Reprint all of the data below exactly as shown and skip every image.

──────── Provided material

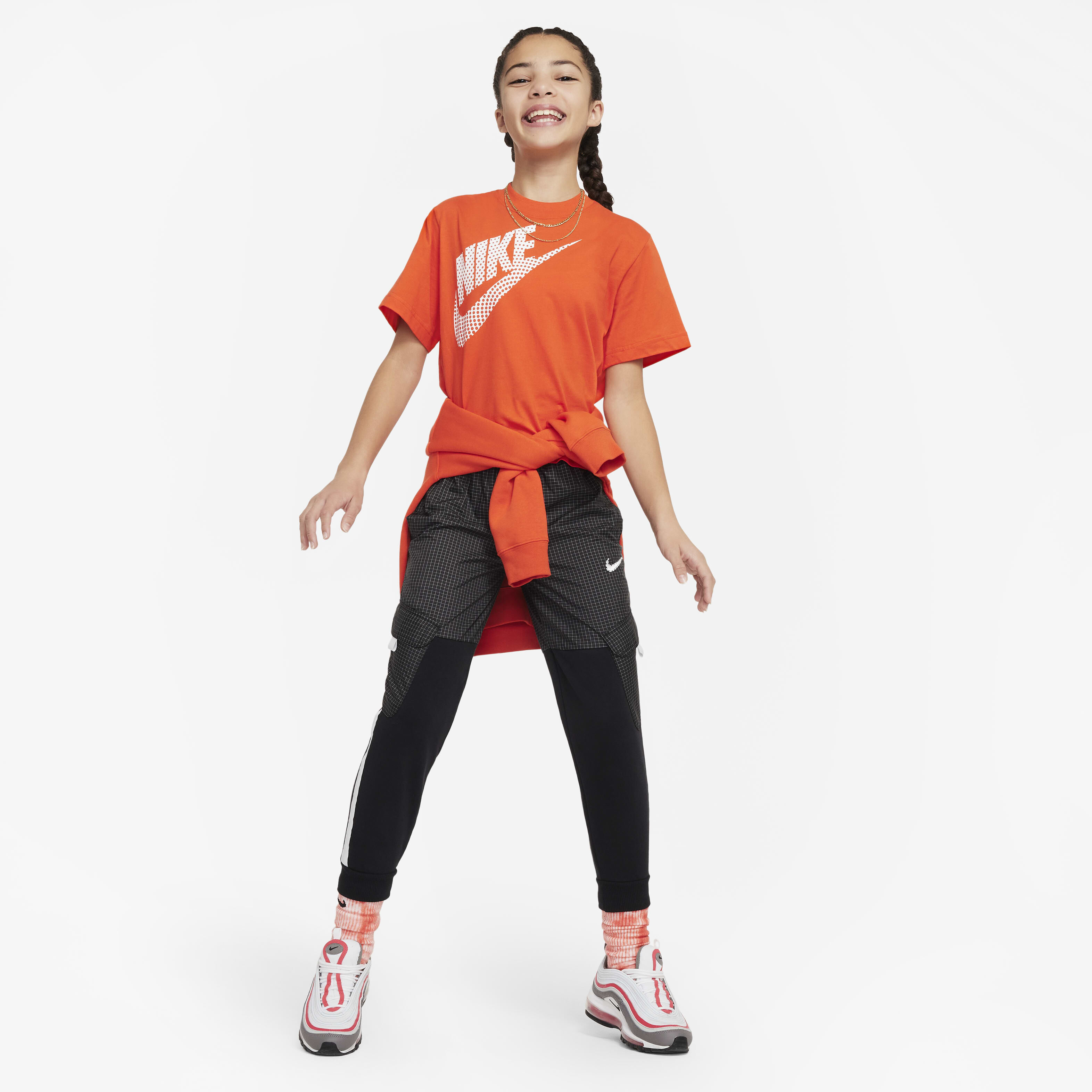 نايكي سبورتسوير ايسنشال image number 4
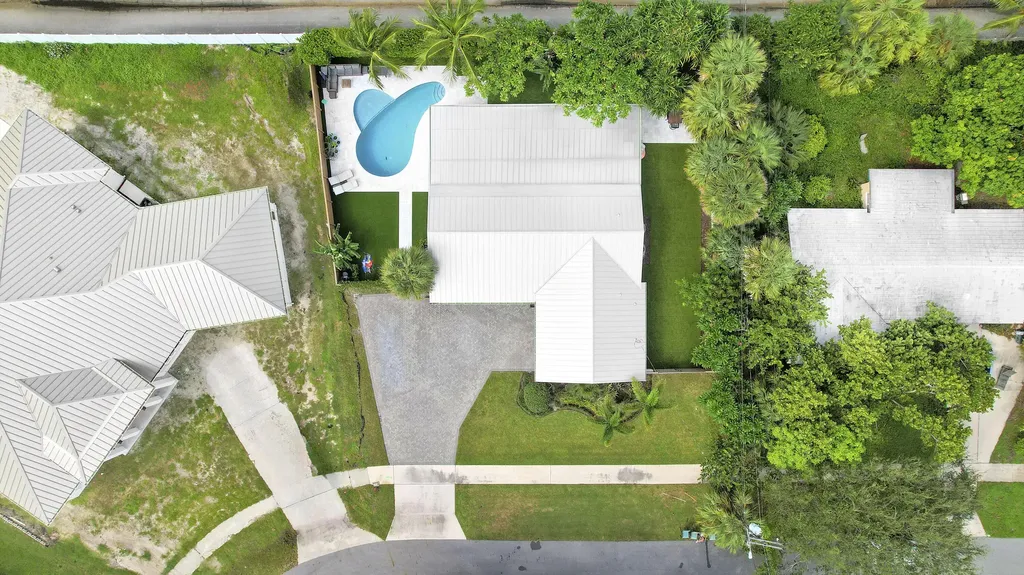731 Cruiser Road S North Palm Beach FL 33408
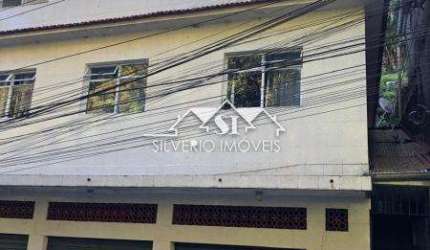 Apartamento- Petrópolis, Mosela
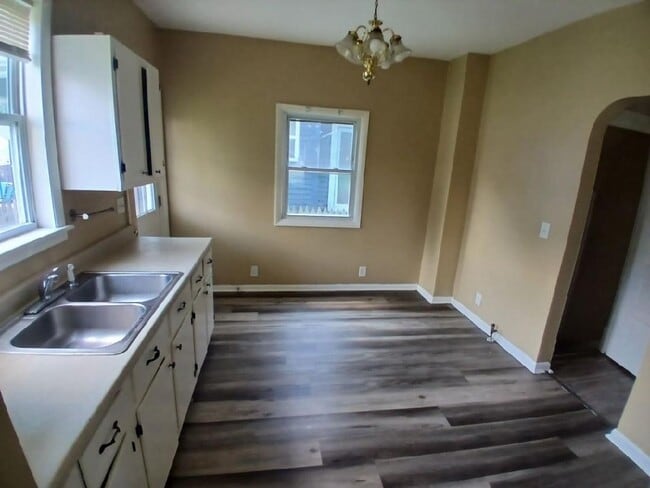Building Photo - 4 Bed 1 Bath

────────────────

- _Answer space_:
 نايكي سبورتسوير ايسنشال image number 4
731 Cruiser Road S North Palm Beach FL 33408
 Apartamento- Petrópolis, Mosela
Building Photo - 4 Bed 1 Bath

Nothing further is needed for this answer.